And yet despite those staggering statistics, I know that many Maine children across the state have protective factors that help to mitigate those hard facts. We have Head Start and quality early child care programs that support working families. Title I reading specialists working to improve reading proficiency in our elementary students. Dedicated foster parents and kinship families who step in and care for children removed from unsafe homes. Drug, alcohol and smoking prevention programs that educate young people about alternatives to mind altering substances. School administrators, teachers, guidance counselors and community members who wrap themselves around an entire student body that is grieving the loss of a classmate to suicide.
We do this work for our children as a state and as a nation, with our collective public and private resources, so that the next generation has the chance to grow up knowing they are cared for and valued, not just by their immediate family, but by the community.
At the Maine Children’s Alliance we know that doing right by our children the first time around, at an early age, is easier and less costly than efforts to fix or shore up inadequate foundations later on. And we all benefit from the investments for we improve our society and prevent a host of more expensive problems in the long run.
And so in closing I’d like to again thank Suzanne McCormick and Dr. Feder for joining us today to talk about the value of Maine KIDS COUNT and share with us the work that they do to improve the lives of Maine children in their community. I’d like to thank all of the data providers from the state agencies and organizations listed on the back cover of the report. We could not do this work without their cooperation.
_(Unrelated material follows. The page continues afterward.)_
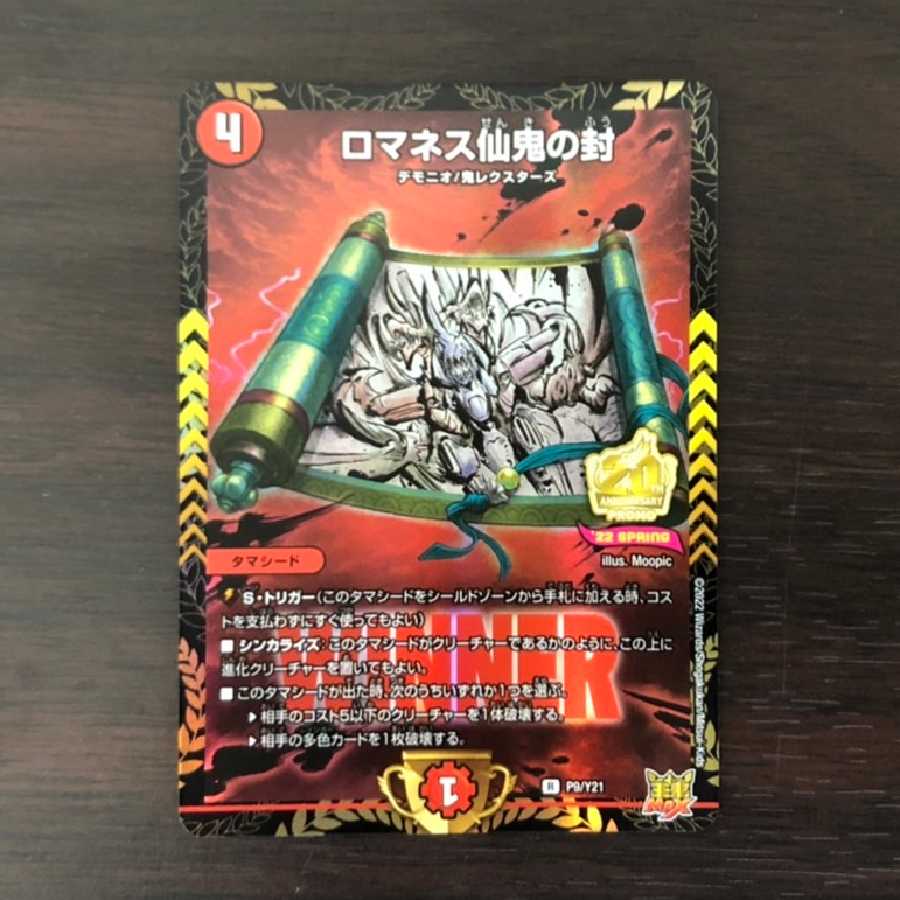 Romanesque Sacred Demon Seal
I’d also like to thank the Annie E. Casey Foundation for funding this work. There is a KIDS COUNT grantee in every state in the nation. The Maine Children’s alliance is proud to be a part of a network of child advocates who strive to secure better futures for all children. For 19 years, the KIDS COUNT Data Book has provided vital information for everyone concerned with public policy in Maine. We know that sound data can be the basis for good public policy, because the results over time show how investments in kids can work for everyone .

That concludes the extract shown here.